[[ Data records, beginning ]]

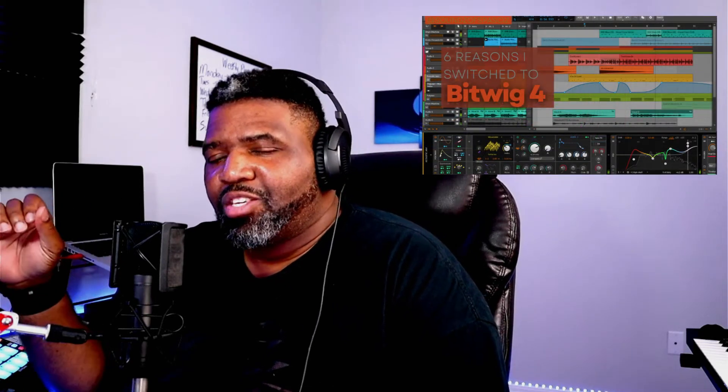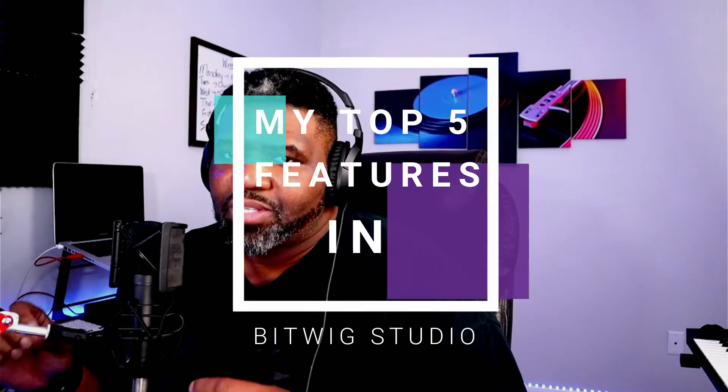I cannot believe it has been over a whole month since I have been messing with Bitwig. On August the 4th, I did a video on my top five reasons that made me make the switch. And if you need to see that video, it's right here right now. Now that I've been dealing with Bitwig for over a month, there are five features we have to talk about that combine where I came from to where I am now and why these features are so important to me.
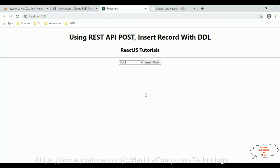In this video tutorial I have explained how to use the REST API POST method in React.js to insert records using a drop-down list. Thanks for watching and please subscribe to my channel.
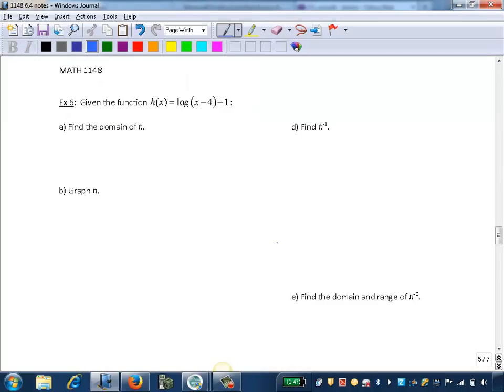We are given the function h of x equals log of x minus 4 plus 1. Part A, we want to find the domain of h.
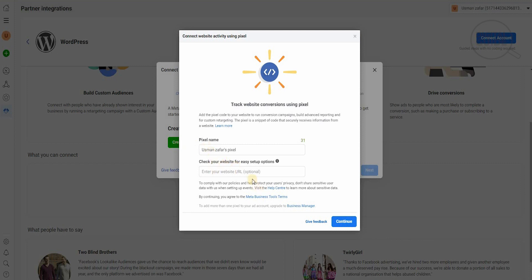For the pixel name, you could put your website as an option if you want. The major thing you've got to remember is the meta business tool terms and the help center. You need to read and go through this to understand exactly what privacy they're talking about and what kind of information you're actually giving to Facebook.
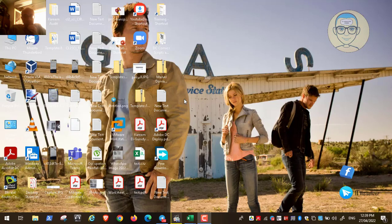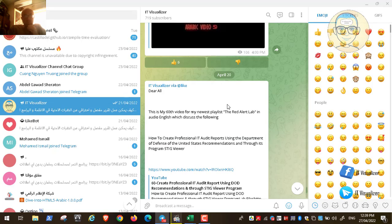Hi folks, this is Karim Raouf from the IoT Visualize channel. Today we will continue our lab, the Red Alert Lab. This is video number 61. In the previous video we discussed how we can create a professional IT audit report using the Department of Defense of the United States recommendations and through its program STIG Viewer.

[[ Data records, end ]]
[[ Data records, beginning ]]

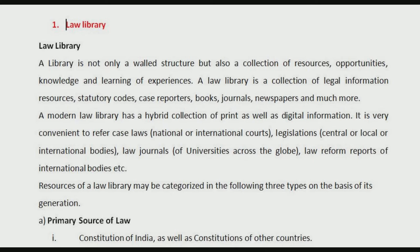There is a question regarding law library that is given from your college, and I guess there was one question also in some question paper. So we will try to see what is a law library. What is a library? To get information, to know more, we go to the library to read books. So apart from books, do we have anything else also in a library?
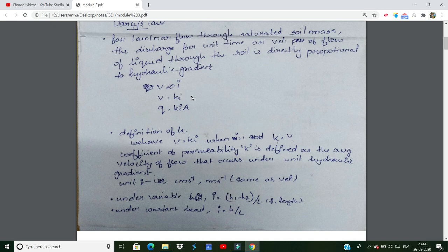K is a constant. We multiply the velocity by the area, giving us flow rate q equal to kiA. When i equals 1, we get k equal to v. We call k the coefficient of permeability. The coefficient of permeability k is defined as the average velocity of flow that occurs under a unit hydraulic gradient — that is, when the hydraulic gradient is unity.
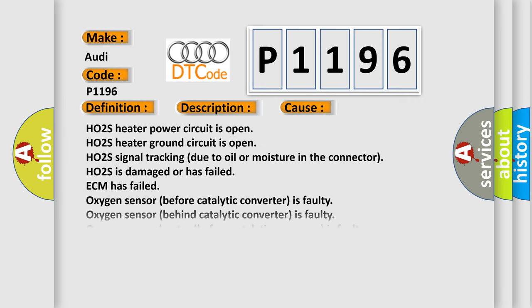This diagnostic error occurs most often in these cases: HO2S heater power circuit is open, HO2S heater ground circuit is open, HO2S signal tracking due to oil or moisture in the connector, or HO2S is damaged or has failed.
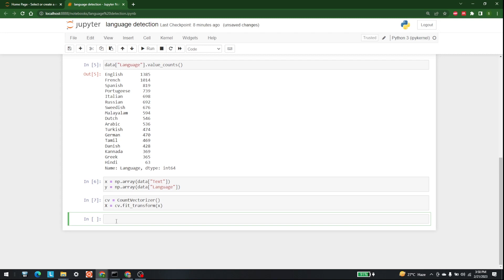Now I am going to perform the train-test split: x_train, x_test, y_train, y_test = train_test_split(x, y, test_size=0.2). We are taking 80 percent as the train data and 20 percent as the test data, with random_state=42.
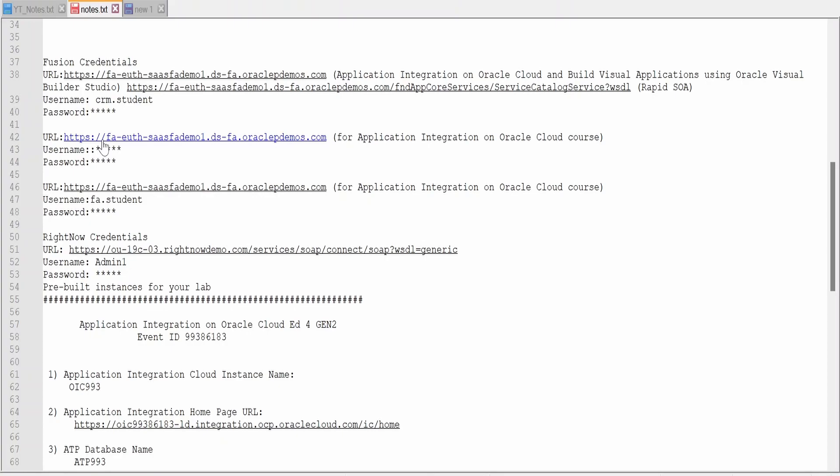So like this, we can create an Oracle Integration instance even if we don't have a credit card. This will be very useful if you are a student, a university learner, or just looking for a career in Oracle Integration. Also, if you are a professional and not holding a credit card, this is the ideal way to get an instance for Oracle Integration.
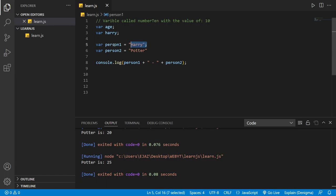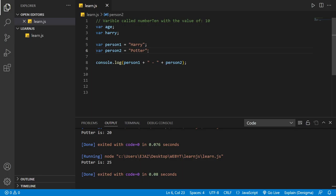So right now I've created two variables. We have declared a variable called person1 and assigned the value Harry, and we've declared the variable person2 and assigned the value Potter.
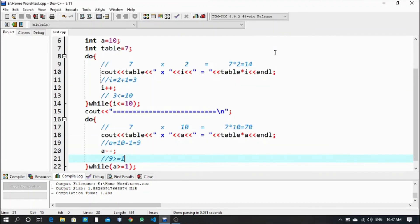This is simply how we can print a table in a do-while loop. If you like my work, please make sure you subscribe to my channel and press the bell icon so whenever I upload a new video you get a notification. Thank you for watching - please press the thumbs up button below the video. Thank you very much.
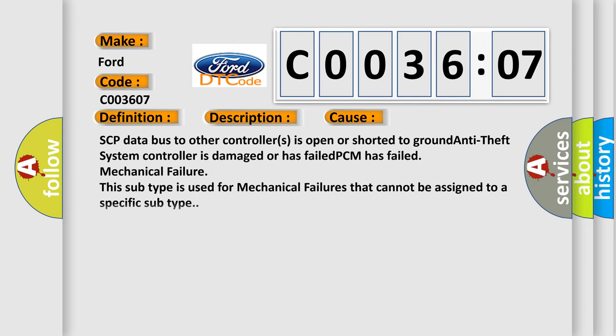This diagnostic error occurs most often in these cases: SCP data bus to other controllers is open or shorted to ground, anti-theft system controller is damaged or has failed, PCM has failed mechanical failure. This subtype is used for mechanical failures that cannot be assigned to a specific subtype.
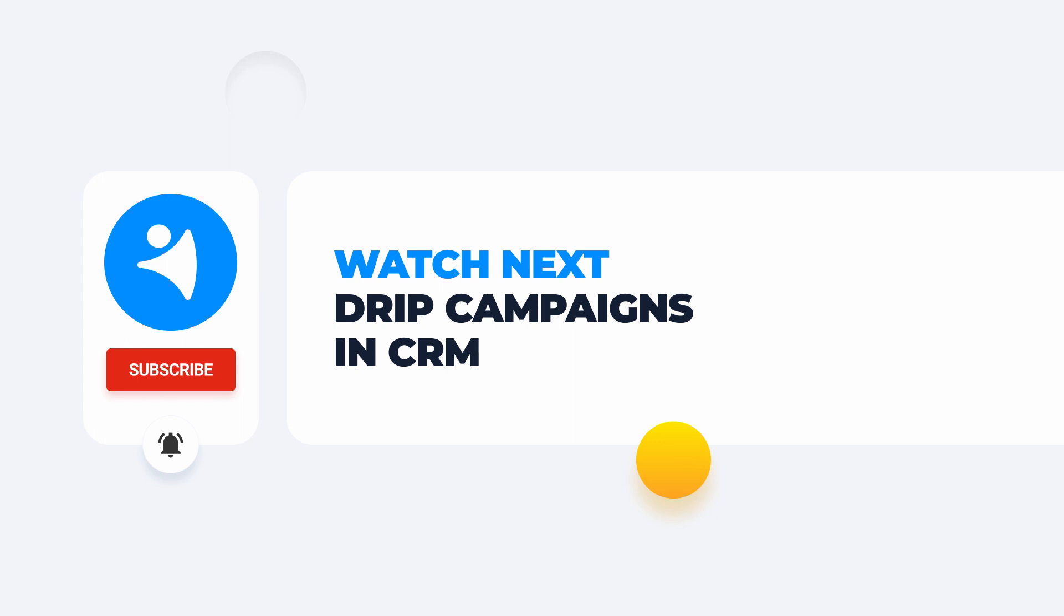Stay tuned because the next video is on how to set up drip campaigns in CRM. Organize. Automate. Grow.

[[ Data records, end ]]
[[ Data records, beginning ]]

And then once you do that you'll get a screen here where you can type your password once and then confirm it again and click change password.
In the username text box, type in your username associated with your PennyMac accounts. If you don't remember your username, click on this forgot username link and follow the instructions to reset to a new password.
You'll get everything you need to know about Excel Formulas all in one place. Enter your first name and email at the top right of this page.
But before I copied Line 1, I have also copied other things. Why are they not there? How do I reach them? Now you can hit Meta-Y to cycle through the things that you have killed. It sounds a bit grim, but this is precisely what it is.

[[ Data records, end ]]

__About this task__:
Given the entries above, transcribe exactly the lines from the one holding "Now I am going" through the one holding "This diagnostic error occurs most often in these cases: SCP"; pictures do not belong in the transcription.

__Exercise result__:
Now I am going to perform the train-test split: x_train, x_test, y_train, y_test = train_test_split(x, y, test_size=0.2). We are taking 80 percent as the train data and 20 percent as the test data, with random_state=42.
So like this, we can create an Oracle Integration instance even if we don't have a credit card. This will be very useful if you are a student, a university learner, or just looking for a career in Oracle Integration. Also, if you are a professional and not holding a credit card, this is the ideal way to get an instance for Oracle Integration.
So right now I've created two variables. We have declared a variable called person1 and assigned the value Harry, and we've declared the variable person2 and assigned the value Potter.
This is simply how we can print a table in a do-while loop. If you like my work, please make sure you subscribe to my channel and press the bell icon so whenever I upload a new video you get a notification. Thank you for watching - please press the thumbs up button below the video. Thank you very much.
This diagnostic error occurs most often in these cases: SCP data bus to other controllers is open or shorted to ground, anti-theft system controller is damaged or has failed, PCM has failed mechanical failure. This subtype is used for mechanical failures that cannot be assigned to a specific subtype.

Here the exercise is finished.